Projectile Motion Calculator
Compute the range, maximum height, and flight time of a projectile launched at any angle and initial height. Ideal for physics students, engineers, and sports analysts studying ballistic trajectories.
About this calculator
Projectile motion splits an object's path into independent horizontal and vertical components. Horizontally, velocity is constant (ignoring air resistance); vertically, gravity decelerates the object. The horizontal range R when launched from height h is: R = (v²·sin(2θ))/g + (v·sin(θ)·√((v·sin(θ))² + 2·g·h))/g. Maximum height is H = h + (v·sin(θ))²/(2g). Flight time is T = (v·sin(θ) + √((v·sin(θ))² + 2·g·h))/g. These equations assume constant gravitational acceleration and no air drag. Angle θ is converted from degrees to radians before computing the sine and cosine terms.
How to use
Suppose a ball is kicked at v = 20 m/s, angle θ = 45°, from height h = 0 m, with g = 9.81 m/s². Step 1 – compute v·sin(45°) = 20 × 0.7071 = 14.14 m/s. Step 2 – sin(90°) = 1, so the first term = (400 × 1)/9.81 = 40.77 m. Step 3 – with h = 0, the square root term = 14.14, so the second term = (14.14 × 14.14)/9.81 = 20.39 m. Step 4 – total range R = 40.77 + 20.39 ≈ 40.77 m (second term vanishes when h = 0, confirming R = v²·sin(2θ)/g ≈ 40.77 m).
Frequently asked questions
What launch angle gives maximum range for projectile motion?
For a projectile launched from ground level (h = 0), the optimal angle is exactly 45°, which maximises sin(2θ) = 1. When the launch height is greater than zero, the optimal angle shifts below 45° because the extra altitude effectively extends flight time. You can experiment with this calculator by varying the angle while keeping other inputs fixed to find the true maximum range for your scenario.
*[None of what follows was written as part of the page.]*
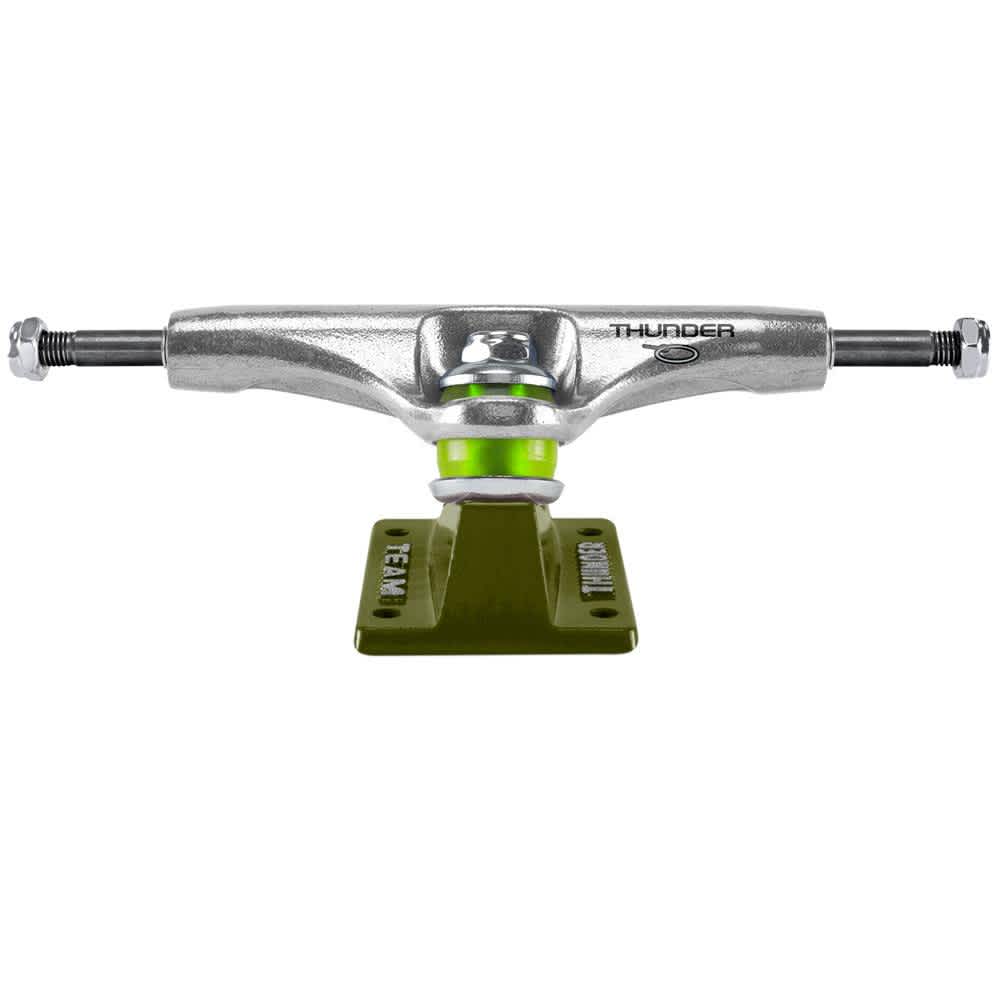 Thunder Team OG Grenade Hollow Lights Polished and Green Trucks 148 (Set of 2) - Image 2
How does initial height affect projectile range and flight time?
A higher launch point gives the projectile more time in the air before it reaches the ground, increasing both range and total flight time. The formula accounts for this through the term 2·g·h inside the square root; as h grows, so does the square root, adding extra horizontal distance. Even a modest elevation—like throwing from a 2 m platform versus ground level—can meaningfully extend range at low angles.
Why is gravitational acceleration set to 9.81 m/s² in projectile calculations?
9.81 m/s² is the standard average gravitational acceleration at Earth's surface, defined by the International System of Units. In reality, g varies slightly with latitude (9.78 m/s² at the equator, 9.83 m/s² at the poles) and altitude. For most engineering and classroom problems the difference is negligible, but you can override this field to model projectiles on other planets—for example, use g = 3.72 m/s² for Mars.